The second part of this two-part series on silk will focus on American production, particularly within New Jersey. If you haven’t read part 1 yet, you can read that Here. While New Jersey was not the only state to manufacture silk products during this time, a very large portion of the American silk industry was set in Paterson, NJ.

Duran, Leo, 1883-, Raw Silk: A Practical Handbook for the Buyer, 1921, No restrictions, via Wikimedia Commons
As mentioned in the last post, silk production provided a unique opportunity for the Eastern and Western worlds to interchange with one another. While silk production had long been integral to societies in the East, long before the United States even became a country, the improvements of the industrial revolution soon catapulted the United States into the silk economy. The ancient Silk Road now evolved to conduct the export of raw silk across the Atlantic and Pacific Oceans to further connect the United States with the East.
Today New Jersey is not known for its textile production, but in the late-1800s and early 1900s this was a major industry in the area. Paterson in particular became known for its silk mills. Prior to silk, cotton had been produced in Paterson, but when cotton production moved to the Southern United States, the vacant mills were eventually refurbished for silk production. In 1915, the NJ Industrial Directory wrote, “Approximately one-third of this nation’s product of this beautiful [silk] fabric comes from the looms of New Jersey mills, and fully ninety percent of this great total is credited to Paterson. Upwards of 160 silk mills and dye houses, employing an army of operatives numbering nearly 30,000 men and women are now in operation”[1] Paterson was even referred to as the Silk City or the Lyons of America in the early 1900s.

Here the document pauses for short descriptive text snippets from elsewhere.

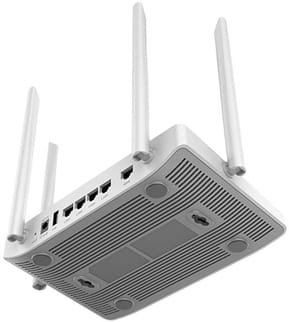 Routeur Wi-Fi bibande Grandstream GWN7052F — image 5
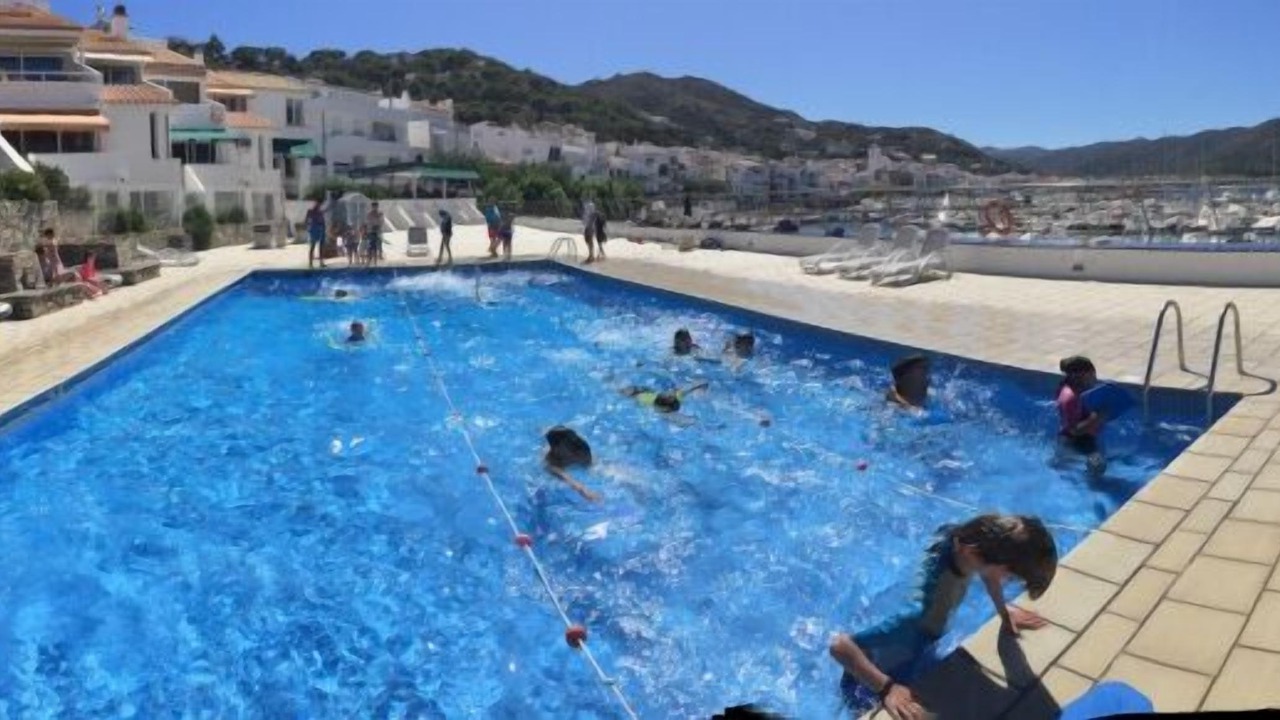 Photo of Outdoor in Port de la Selva
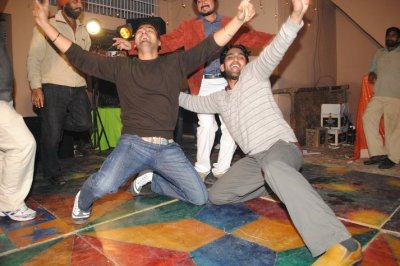 Kashmir Singh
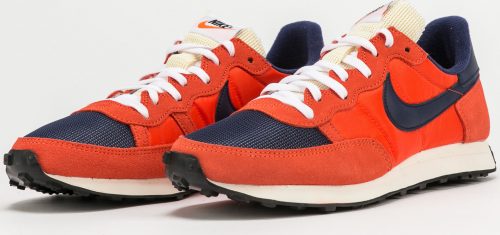 Nike Challenger OG team orange / midnight navy Nike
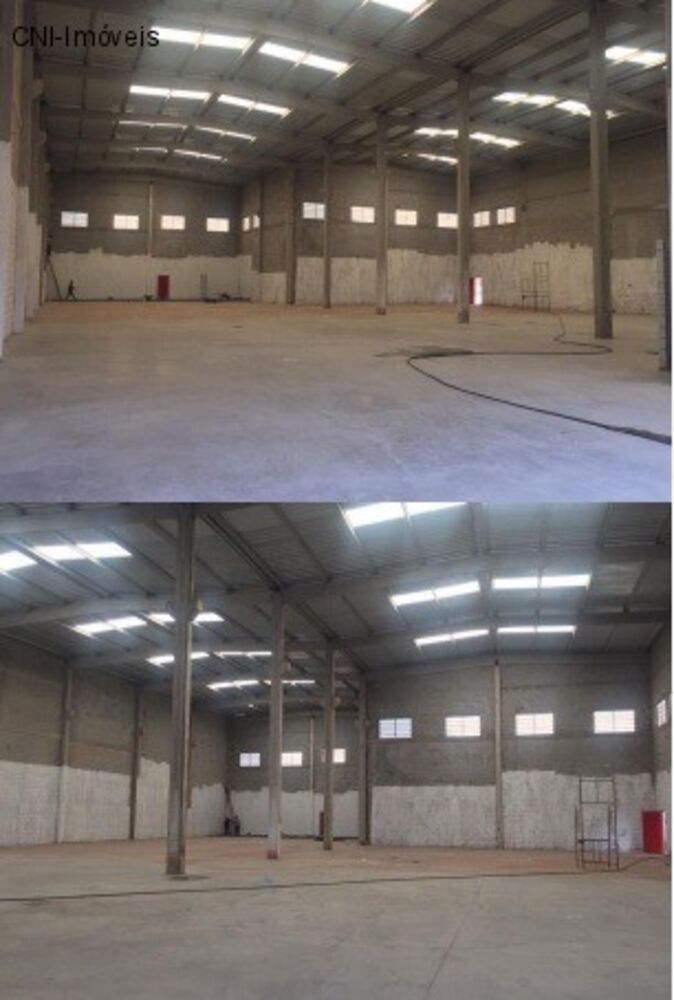 Depósito-Galpão, 5000 m² - Foto 3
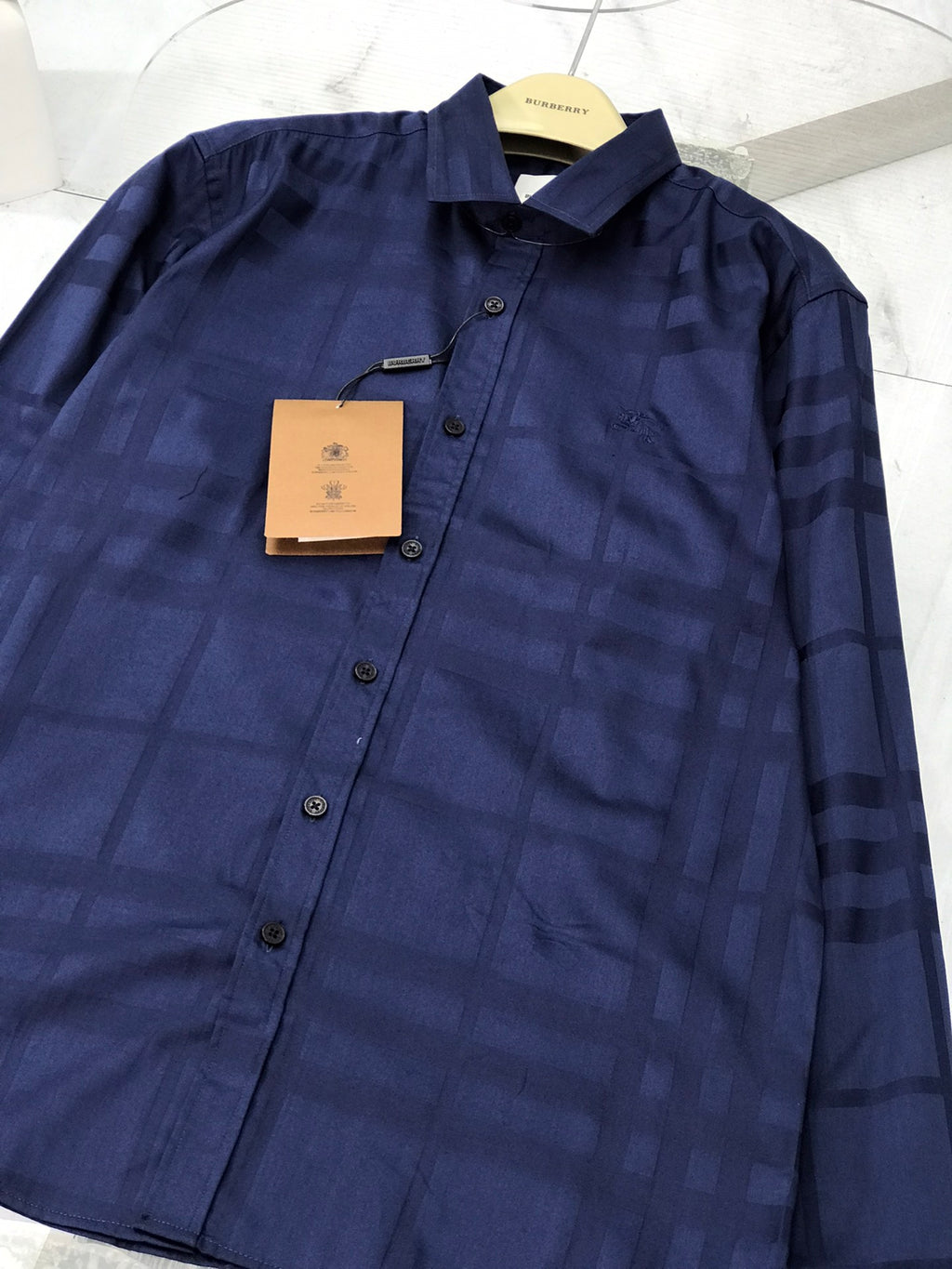 🤎 Burberry Apparel 10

Lewis Hine, 1937, Public domain, via Wikimedia Commons
An expansive array of mills in Paterson turned raw silk into a wide variety of silk fabric and silk ribbons, and even produced the machinery used for creating the silk goods. The one area where Paterson was not self-sufficient, however, was in creating raw silk. The raw silk was chiefly imported from Japan, along with China and Italy. In the late-1800s, California had a brief spurt producing raw silk, but this was short-lived [2]. Thus the need for communication and a working relationship with Japan in order to import Japanese raw silk.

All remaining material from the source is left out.